As you form your new business, you want to create a business entity that enables you to thrive. You want your company to save as much as possible on taxes while letting you grow successfully. One type of structure that you can consider is an S-corporation, or S-corp.
An S-corp is a corporation that offers tax benefits to shareholders. It can be a great option for small businesses that wish to avoid double taxation.
Choosing a tax designation
When you designate a business as an S-corp, you are selecting the tax designation. The S-corp lets you and all other shareholders report the profits and losses of the company on personal tax returns. This “pass-through” taxation avoids corporate taxation.
The tax benefits of an S-corp
The main advantage of this type of taxation is the avoidance of double taxation. In a traditional corporation, also called a C-corp, the company pays taxes on profits and losses. Then shareholders pay personal taxes on dividends they receive from the business. Shareholders of C-corps can lose a significant amount of money to the IRS.

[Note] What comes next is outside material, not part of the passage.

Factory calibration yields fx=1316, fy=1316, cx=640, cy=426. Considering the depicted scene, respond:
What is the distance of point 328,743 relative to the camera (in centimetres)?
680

Unlike a C-corp, an S-corp also lets you write off the losses of the business on your personal tax return. Writing off losses can be advantageous in the early years of your company when you spend money to grow the business.
Limitations on S-corps
However, not all businesses may benefit from the S-corp designation. S-corps can help small companies but may not be right for larger businesses.

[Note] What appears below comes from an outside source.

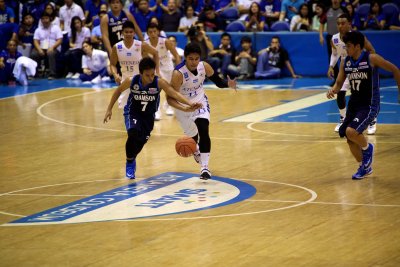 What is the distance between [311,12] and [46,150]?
1294 cm

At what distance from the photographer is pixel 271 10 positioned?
Result: 27.5 meters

If you have a large company that plans to add many shareholders, including foreign investors, you may want to keep your business as a C-corp.

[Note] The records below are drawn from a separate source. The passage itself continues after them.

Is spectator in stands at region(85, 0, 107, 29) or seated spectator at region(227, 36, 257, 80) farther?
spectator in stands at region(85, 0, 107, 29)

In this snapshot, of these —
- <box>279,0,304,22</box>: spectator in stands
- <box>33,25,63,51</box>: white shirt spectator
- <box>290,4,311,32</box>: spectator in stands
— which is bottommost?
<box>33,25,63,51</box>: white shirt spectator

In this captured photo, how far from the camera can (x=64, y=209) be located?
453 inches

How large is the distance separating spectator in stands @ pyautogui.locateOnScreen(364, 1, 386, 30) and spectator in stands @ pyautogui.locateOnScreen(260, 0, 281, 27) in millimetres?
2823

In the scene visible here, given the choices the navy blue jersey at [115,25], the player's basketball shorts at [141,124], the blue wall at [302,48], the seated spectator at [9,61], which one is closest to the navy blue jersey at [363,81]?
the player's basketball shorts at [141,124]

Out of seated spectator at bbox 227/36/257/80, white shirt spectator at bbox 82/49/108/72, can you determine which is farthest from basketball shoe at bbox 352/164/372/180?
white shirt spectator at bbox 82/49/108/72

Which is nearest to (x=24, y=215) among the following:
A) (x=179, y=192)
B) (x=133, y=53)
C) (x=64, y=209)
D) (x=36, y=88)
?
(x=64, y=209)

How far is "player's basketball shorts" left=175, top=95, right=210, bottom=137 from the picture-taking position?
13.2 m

S-corps have limitations on the number of investors. And only U.S. citizens or residents can be shareholders.
Choosing the right entity for your business
The business entity and tax designation that works best for you will depend on how your business grows. You may even start as an S-corp and then switch to a C-corp further down the road. But if saving money on taxes is more important to your business model, you may want to consider the advantages of an S-corp.